Jauh sesudah itu, muncullah seorang ulama di tanah Jawa yang tidak dikenal nama aslinya. Sehingga disebutlah Syekh Siti Jenar. Sesungguhnya nama itu bukanlah nama sebenarnya, hanya sebutan. Sebagaimana budaya Jawa pada saat itu, masyarakat lebih suka memanggil sebutan seseorang dengan nama daerah asal atau julukan-julukan lainnya ketimbang nama sebenarnya.

Syekh Siti Jenar mengembangkan teori Manunggaling Kawula Gusti, yang kemungkinan besar terpengaruh oleh ajaran tokoh sufi di Timur Tengah, terutama Al Hallaj.

Seperti halnya Al Hallaj dan tokoh-tokoh sufi lainnya, Syekh Siti Jenar pun mendapatkan perlawanan keras dari para ulama fiqh yang telah menjalin hubungan baik dengan penguasa kerajaan Demak Bintoro. Tatkala itu, Raden Patah beragama Islam dan kerajaannya pun diproklamirkan sebagai kerajaan Islam. Tak urung, konflik antara ulama fiqh, dalam hal ini para wali, dengan Syekh Siti Jenar tidak bisa dihindari.
Selama ini berkembang cerita bahwa para wali (terutama wali songo) gencar memusuhi dan menumpas Syekh Siti Jenar berikut konsep ajarannya.
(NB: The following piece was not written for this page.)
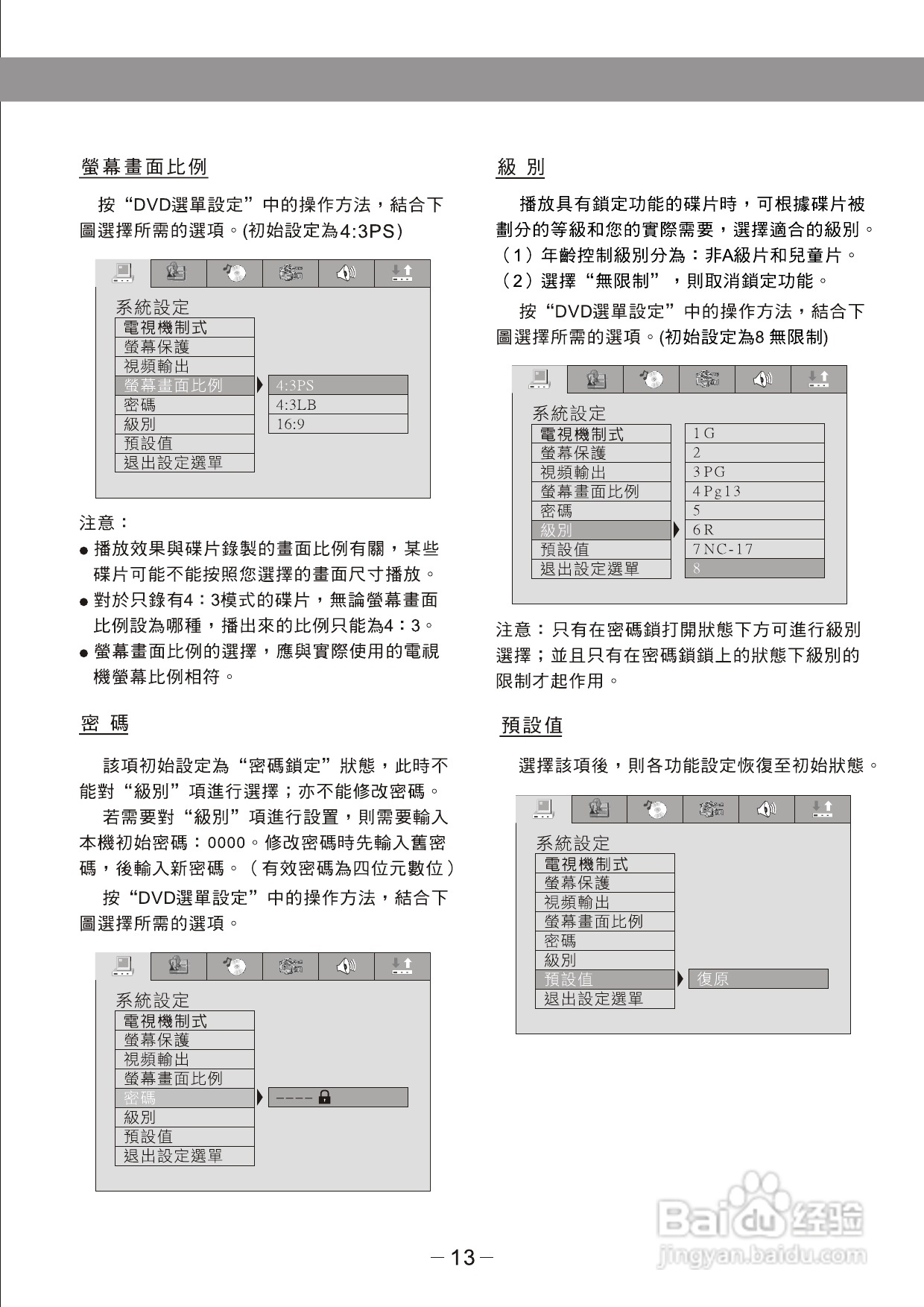 歌林KVD-789PK(s)1型数位影音光碟机说明书:[1]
Hingga pada akhirnya Syekh Siti Jenar dihukum mati oleh mereka.

Versi lain, yang ditemukan dalam Serat Syekh Siti Jenar yang ditulis oleh Raden Sosrowijoyo berupa sastra tembang dijumpai keterangan bahwa Syekh Siti Jenar meninggal dunia bukan karena tangan para wali, melainkan meninggal dengan caranya sendiri.

Ditarfsirkan, bahwa ulama fiqh masih bisa ‘bersandiwara’ dengan penguasa (Raden Patah). Artinya, secara implisit mereka menerima ajaran Syekh Siti Jenar. Mereka berharap agar ajaran ma’rifat itu belum waktunya disampaikan kepada orang-orang awam. Oleh karena itu, yang mereka ‘bunuh’ bukanlah Syekh Siti Jenar, melainkan konsep dan teori ma’rifat itu. Karena ketika setelah menemui Syekh Siti Jenar dan kembali ke Demak Bintoro, para wali tidak bisa menunjukkan bangkai ‘wali murtad’ tersebut. Melainkan mereka menunjukkan bangkai anjing buduk dengan berbagai dalih atau alasan yang dikemukakan kepada Raden Patah.